EDUCATEUR, praticien de l’assistance éducative en milieu ouvert dans la sphère de la Justice des mineurs, j’ai peu à peu été conduit à considérer combien les enjeux de la différenciation subjective — ce qui fait qu’un jeune sujet advient à la raison, à l’altérité — sont noués à la problématique généalogique de la Loi, à ses fondements langagiers et institutionnels. La longue élaboration de la pratique, mon chemin de pensée, l’expérience de la psychanalyse m’ont aidé à comprendre qu’il n’y a pas pour notre espèce, l’espèce parlante, de reproduction subjective naturelle, mais que cette reproduction implique la dimension institutionnelle.
Que nous le voulions ou non, nous avons, nous les parents1, à faire face aux enfants, aux adolescents, qui eux-mêmes nous font face. Faire face — voilà qui nous renvoie au miroir, au regard, au visage. Comment les parents d’aujourd’hui regardent les enfants, et les enfants les parents ? Comment les voyons-nous, comment nous voient-ils ?
Dans ce face à face des parents et des enfants, dans lequel les parents ont parfois tant de mal à se regarder dans leurs enfants, la dimension institutionnelle, quand elle n’est pas détournée au service du fantasme, du fantasme d’être tout, introduit un écart, un tiers terme.
Mais sous le poids de l’individualisme, du scientisme, de l’opposition sujet / institution, sujet / société, nous en sommes venus à ignorer cette fonction tierce des institutions.
S’il y a une trentaine d’années le monde « psy » et les milieux de l’éducation spécialisée apparaissaient encore sensibles à la problématique œdipienne, à la dimension institutionnelle de la triangulation, ils n’ont pu alors, pour des raisons diverses2, tirer la leçon des meilleures expériences et des meilleures élaborations, et de là faire valoir auprès des pouvoirs en quoi l’institutionnalité est la base de l’organisation symbolique du sujet, la base de sa constitution subjective. Les courants les plus inventifs
— je pense là par exemple à l’expérience remarquable d’« institution ouverte » que conduisit la psychanalyste Maud Mannoni —, enfermés dans l’illusion « révolutionnaire » de l’autre institution, du nouveau lien social, se sont montrés incapables de penser les liens aux tutelles institutionnelles (administratives, associatives, judiciaires) comme des articulations symboliques ; ils ont finalement échoué, comme cela se manifeste aujourd’hui, dans le duel sujet / administration. De son côté, le courant « institutionnaliste », dont Jean Oury demeure un des plus subtils représentants, s’est aussi enferré dans un juridisme insu, non repéré comme tel, laissant le champ libre au rouleau compresseur du management.
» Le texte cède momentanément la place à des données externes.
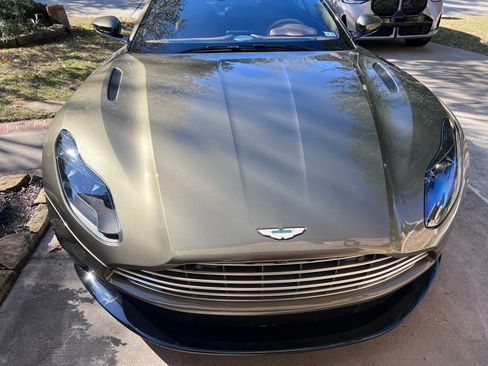 Used 2018 Aston Martin DB11 V8 Coupe 2D image 10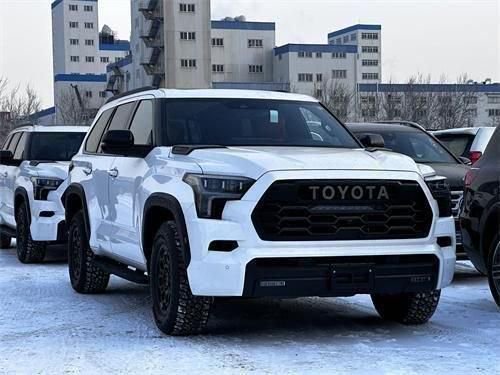 24款丰田红杉3.5T直降五万年终让利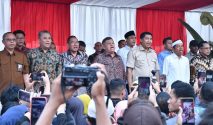 Komisioner BP Tapera Dampingi Menteri PKP dalam Kunjungan Program Bedah Rumah dan Gentengisasi di Purwakarta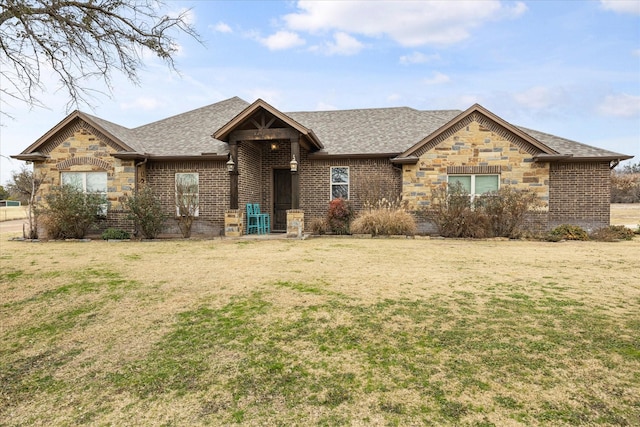 view of front of property featuring a front lawn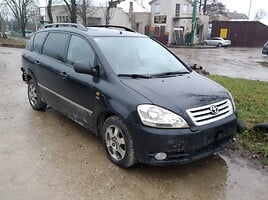 Toyota Avensis Verso 2002 m dalys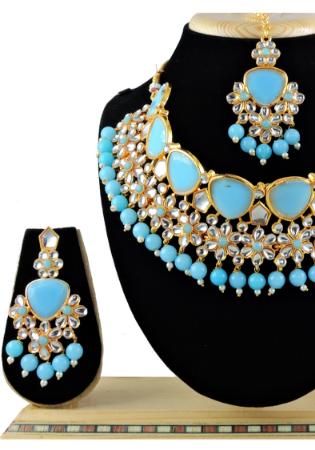 Picture of Comely Medium Aqua Marine Necklace Set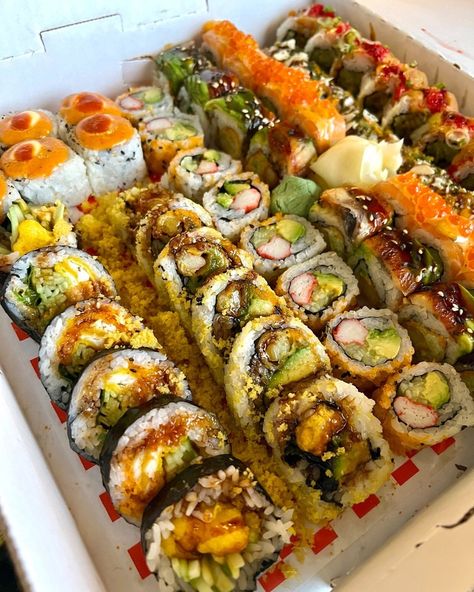 Satisfying Eats, Asian Restaurant, Sushi Platter, Sleepover Food, Healthy Summer Recipes, Food L, Food Babe, Best Food Ever, Sushi Bar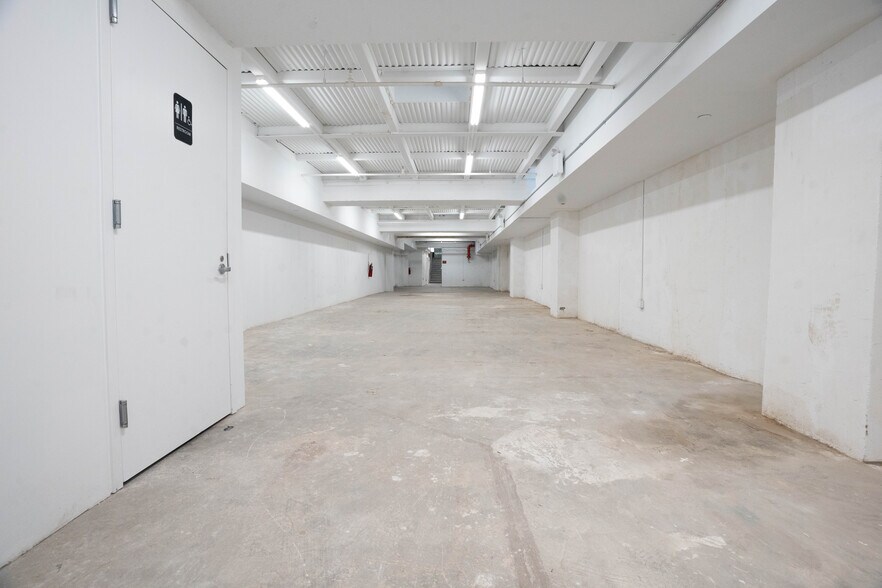 More Photos Of 25 Great Jones St, New York Apartments For Lease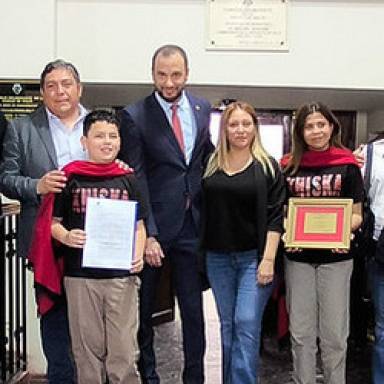 Reconocimiento al conjunto folclórico Khiska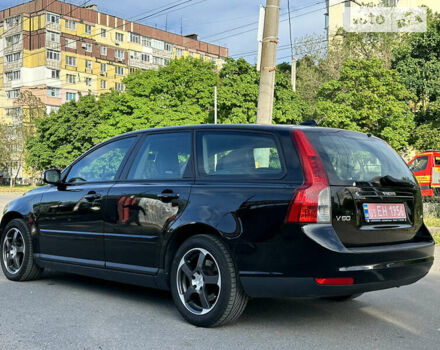Чорний Вольво V50, об'ємом двигуна 1.8 л та пробігом 185 тис. км за 6999 $, фото 5 на Automoto.ua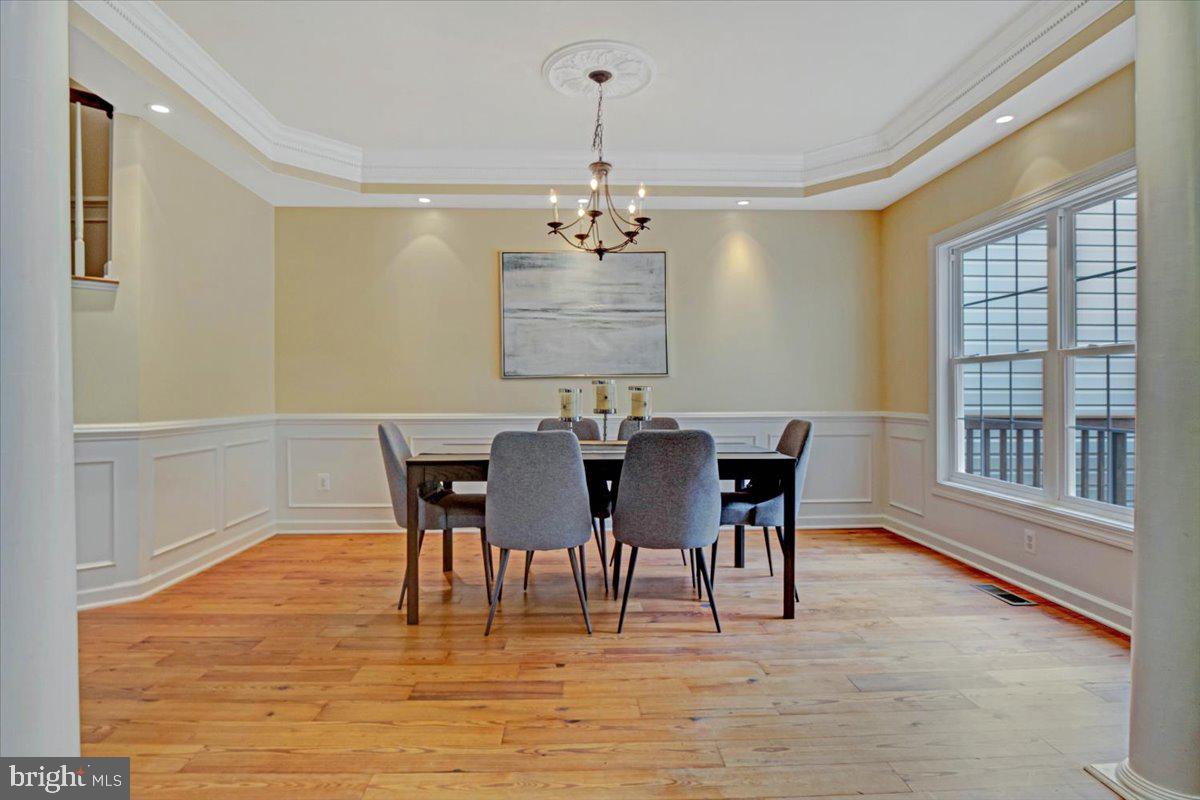 ELMWOOD - Residential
Dès lors que le principe d’institutionnalité n’était relevé, par les cliniciens, les psychanalystes eux-mêmes, comme principe symbolique tiers — comme ce principe de séparation des pouvoirs, de distinction et de limitation des ordres de discours et de compétences qui préside à l’enjeu primordial de la différenciation subjective – la dimension institutionnelle, réduite à la gestion, allait se trouver soumise au fondamentalisme unificateur, totalisateur, des techno-managers. La formation des directeurs d’institutions et services de l’Education spécialisée, aujourd’hui envahie par les « référentiels » techno-scientistes de la « bonne gouvernance » managériale, demeure à ma connaissance totalement étrangère à la dimension symbolique institutionnelle de la Loi, à l’horizon généalogique des fonctions.